What a fortunate congregation we are. We are blessed with quantities of truly remarkable lay leadership. We worship together in a sanctuary that is, by all standards, beautiful and inspiring. We perform and listen to music that lifts our hearts and stirs our spirits. We have in the membership of this congregation the intellectual firepower to solve most any problem that confronts us and the financial wealth to take care of our congregation’s needs. We are generous, both in our individual giving and in the giving we do collectively to our denomination and to alleviate human suffering. And, have we love, as well? for clearly Paul is telling us in this letter that our many gifts, our abilities, our treasures and our knowledge, our glorious worship and our generous giving will gain us nothing if we do not also have love.
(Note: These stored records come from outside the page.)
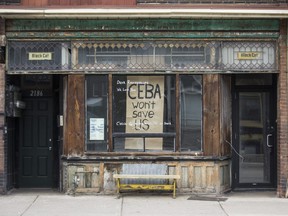 A storefront with the message "CEBA won't save us", along Dundas St. W., near Roncesvalles Ave. Toronto, Ont on Thursday April 23, 2020.  This is referring to the Canada Emergency Business Account.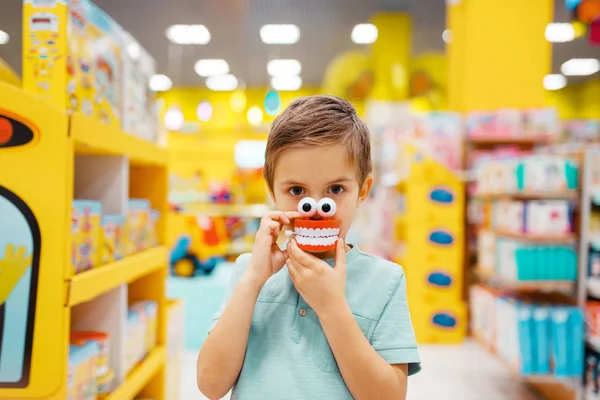 소년은 스토어 정면전망의 선반에 장난감을 있습니다 아들은 슈퍼마켓 고객에서 장난감을 — 스톡 사진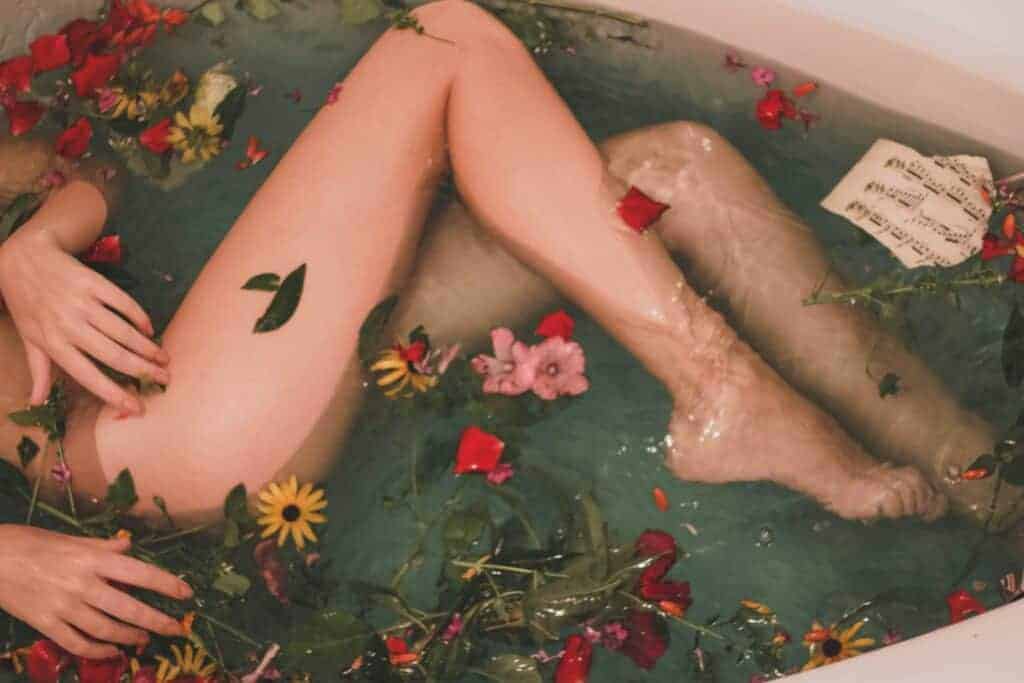 Gambe di donna in una vasca da bagno con rose nell'acqua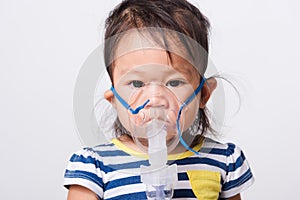 Closeup Asian face, Little baby girl sick her using steam inhaler nebulizer mask inhalation oneself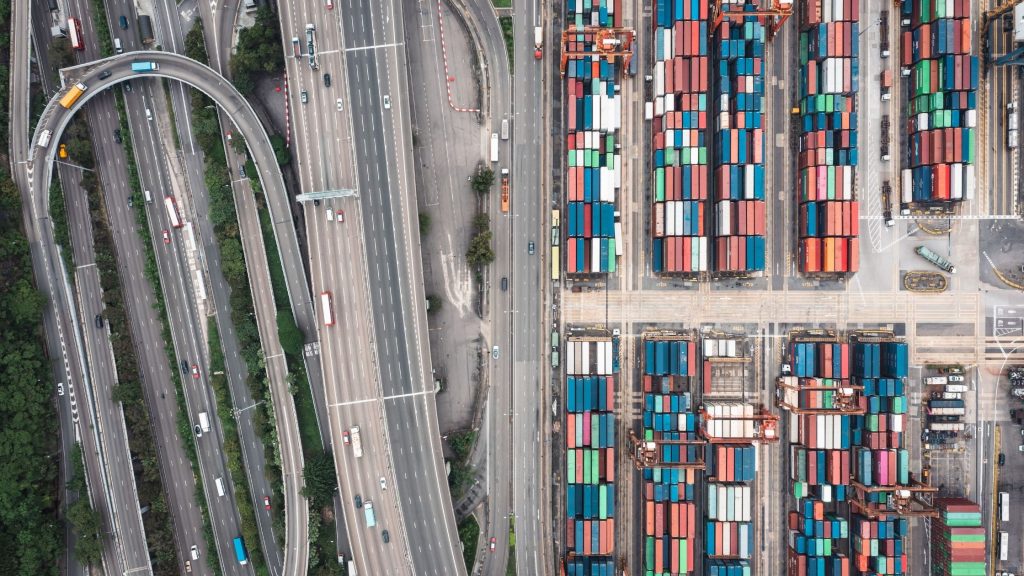 An aerial photograph showing a complex multi-lane highway interchange situated immediately adjacent to a dense, highly organised shipping container terminal.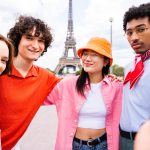 Group of young happy friends visiting Paris and Eiffel Tower, Trocadero area and Seine river - Multicultural group of tourists sightseeing the France capital city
Love is patient; love is kind; love is not envious or boastful or arrogant or rude. It does not insist on its own way; it is not irritable or resentful; it does not rejoice in wrongdoing, but rejoices in the truth. It bears all things, believes all things, hopes all things, endures all things.
I wonder how many of us think, deep down, that we could be, would be more loving if only other people would be, well, more lovable. Wouldn’t it be easier to love those parents over there if they would just make their little boy behave? And couldn’t we love that woman over here if she would just mind her own business? And what about that man who grumps all the time or that woman who passes judgment on your words, or this man who is so quick to let you know that in his previous experience, they did it better, or this woman who exploits her self-sacrifice to make it seem like more than it is? Those who are smug, do they have love? Those who belittle, do they? Those who stopped listening back in 1974, those who want to take care of their own, feed themselves first, those who have stopped laughing at themselves…
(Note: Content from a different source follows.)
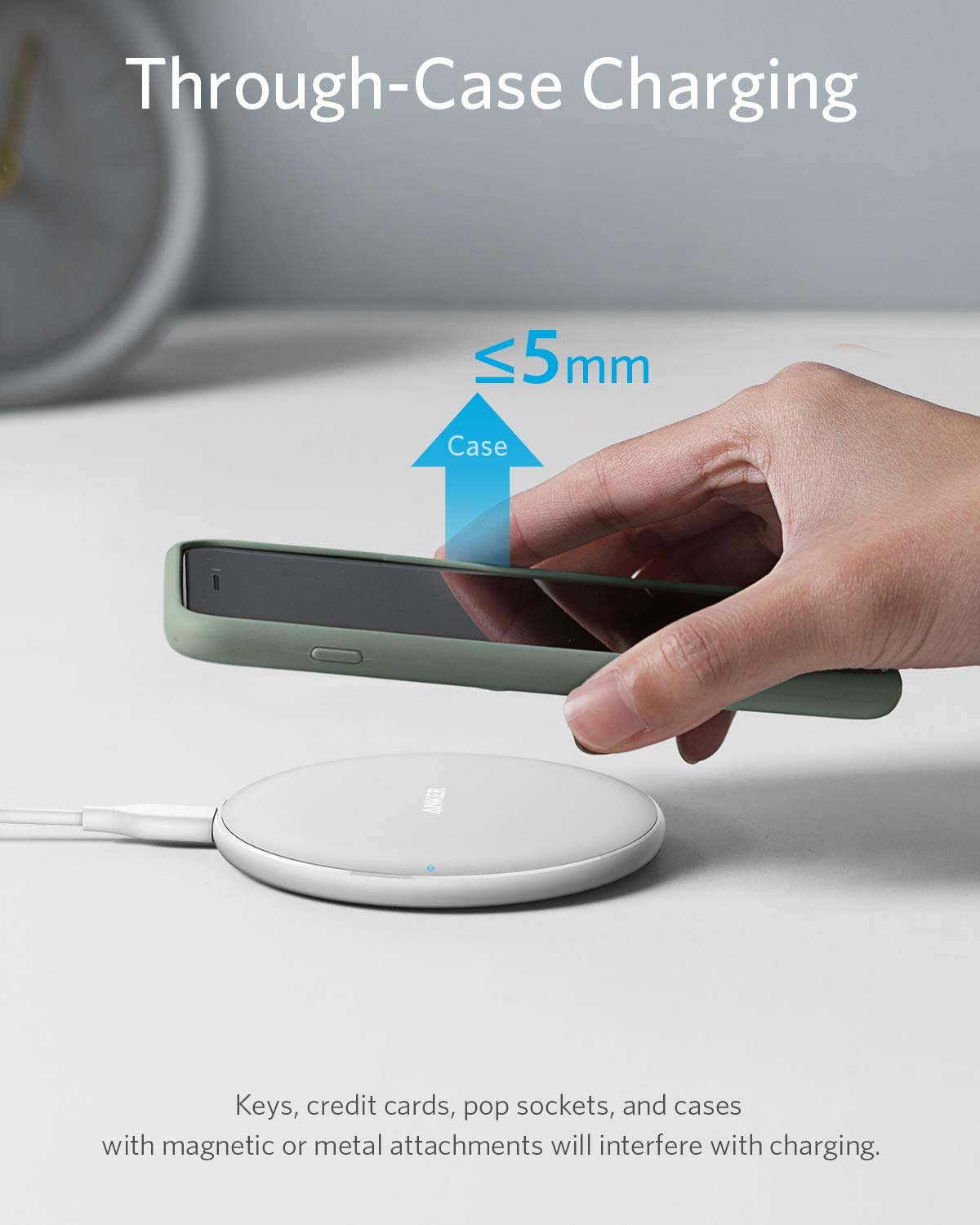 Black Anker 313 wireless charging pad for charging compatible devices wirelessly on a sleek, minimalist surface.
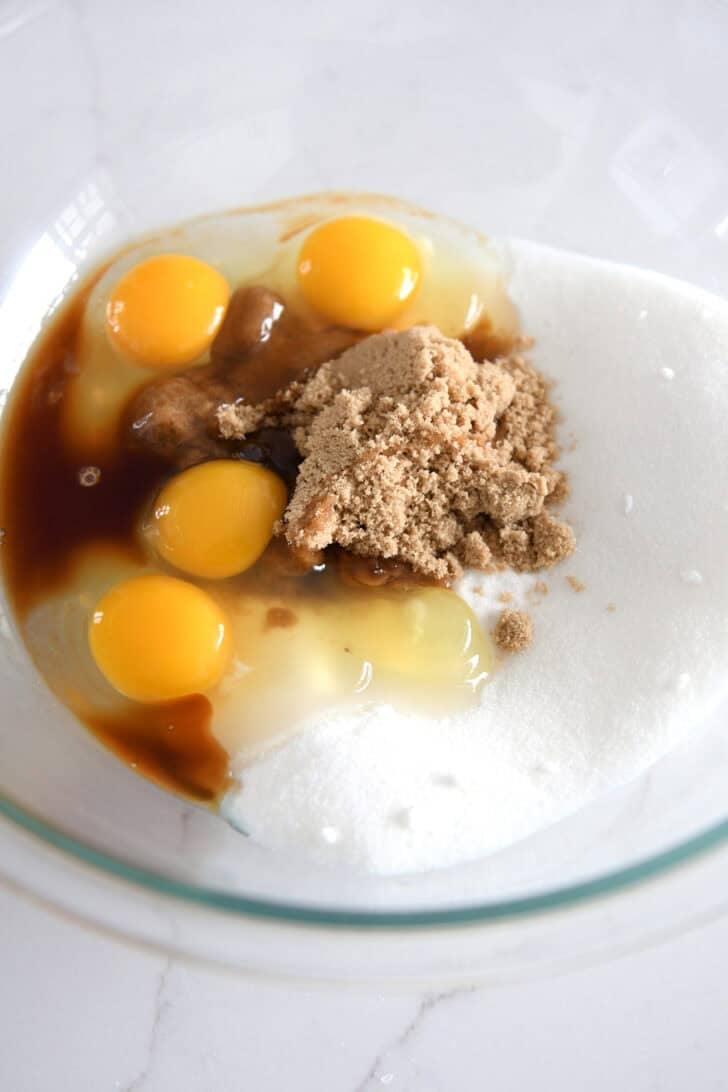 Glass bowl with eggs, brown sugar, white sugar and oil.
When I was a child, I spoke like a child, I thought like a child, I reasoned like a child; when I became an adult, I put an end to childish ways.
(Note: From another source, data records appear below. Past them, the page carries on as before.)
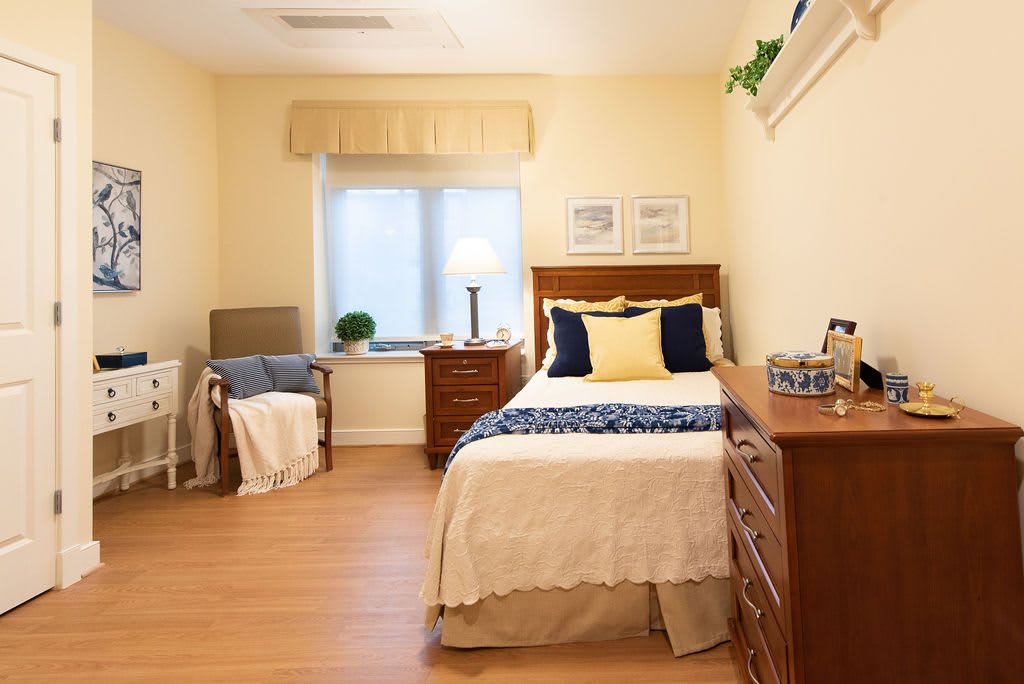 A cozy bedroom with a single bed, wooden furniture, and soft lighting.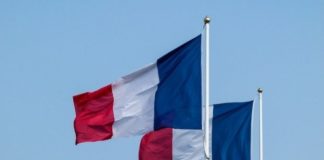 Des drapeaux de France devant un bâtiment public.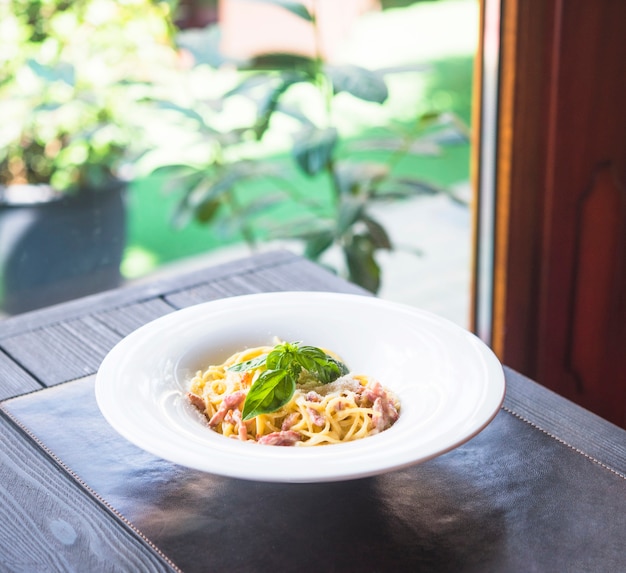 Plate of pasta spaghetti with basil leaves on placemat over the table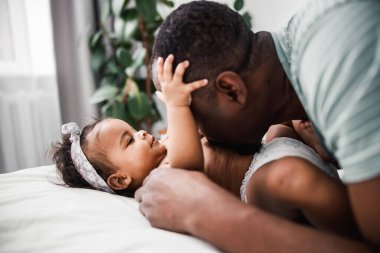 Afro Amerikalı adam yeni doğmuş tatlı kızının göbeğini öpüyor.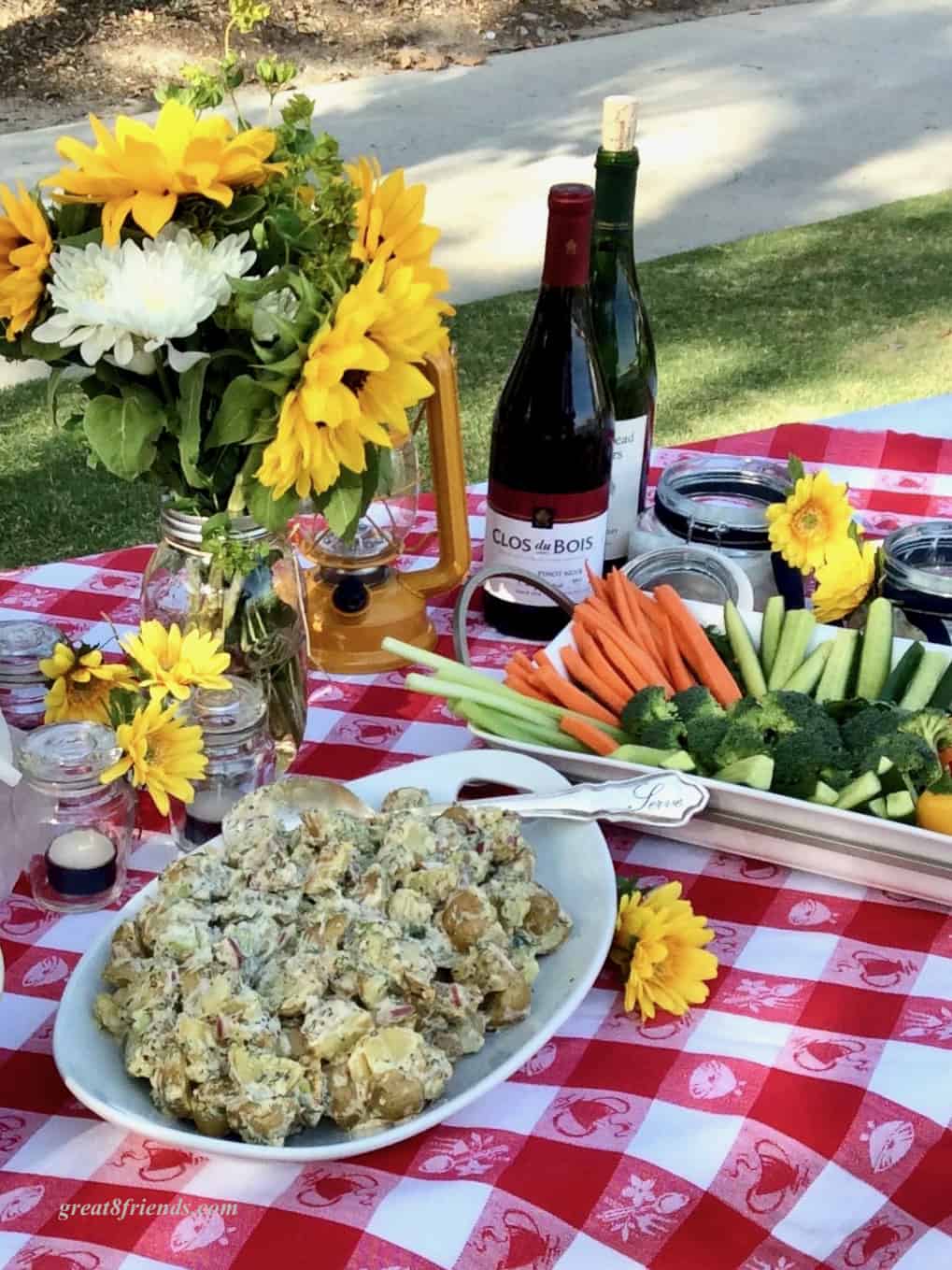 Red and White checked tablecloth set with sunflowers and picnic food.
If I were to ask you to take out a pen and write in the margins of your bulletin, the qualities that separate children from adults, what would they be? It’s really quite remarkable how many adults I know, including myself, revert to childish behaviors at the least provocation – when we don’t get our own way, when we think no one is listening to us, when we’re tired, when we don’t get our own way – wait, did I say that already? Behavior I wouldn’t tolerate in my children, I see played out in the supposedly adult world all the time – all the time. What’s that about, I wonder? What would it take for us to put an end to our childish ways? Do we even know?
Faith, hope, and love abide these three, the greatest of these is love. My seminary colleague, all those years ago, learned about love for the first time when she experienced being loved. But her experience is not typical of those of us here in this room today. She had never known love. We know love, most of us, we know it, we have received it, we have given it. But we still think of it as a passive event – we will be loved, or we will love, accidentally, when someone or something catches our fancy or is beautiful to us.
See, here is what I think Paul really meant when he wrote these words to the Corinthians – you have to choose to love. You have to love actively, even when you don’t like what you’re seeing. You have to decide to love, commit yourselves to actively love. You have to love, - you, you have to actually love. That’s what it means to put as end to childish ways. It’s what it means to rejoice in truth. It’s why selflessness is its own reward. Choose love. Do it. It’s worth the work. Amen.